**COLLECTED DATA**
• • • • •

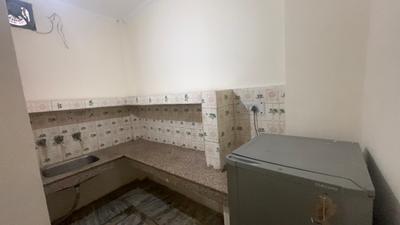 Kitchen Image of 630 Sq.ft 1 BHK Independent House for rent in DLF Phase 3 Gurgaon for Rs. 23000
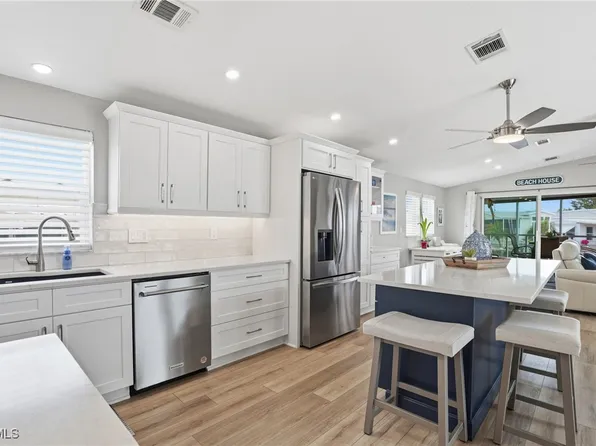 4 Galleon Way, Fort Myers Beach, FL 33931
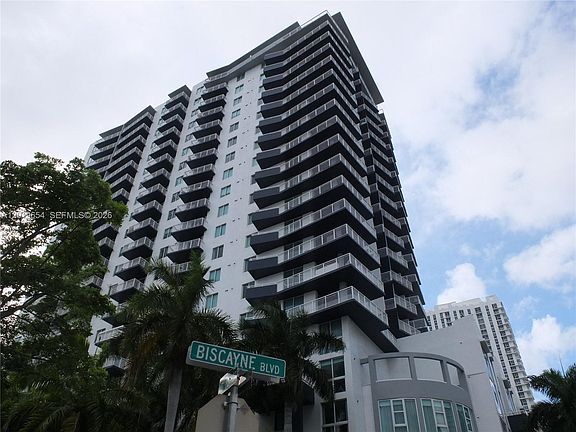 2nd image of 275 NE 18th St APT 1101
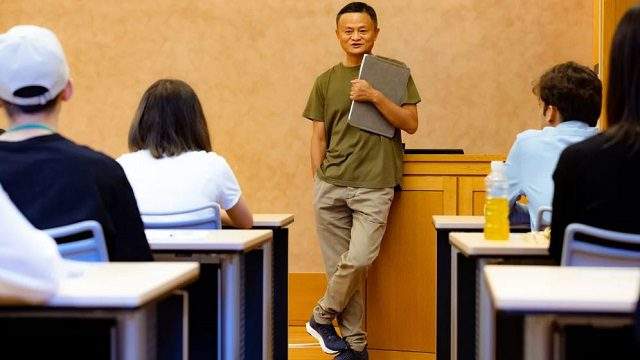 Jack Ma có bài giảng đầu tiên tại Đại học Tokyo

• • • • •

**WHAT YOU HAVE TO DO**
Repeat the line containing "2nd image of 275 NE 18th St APT 1101" and every line after it up to the end of the material above, exactly as they stand, minus the pictures.

**EXPECTED ANSWER**
 2nd image of 275 NE 18th St APT 1101
 Jack Ma có bài giảng đầu tiên tại Đại học Tokyo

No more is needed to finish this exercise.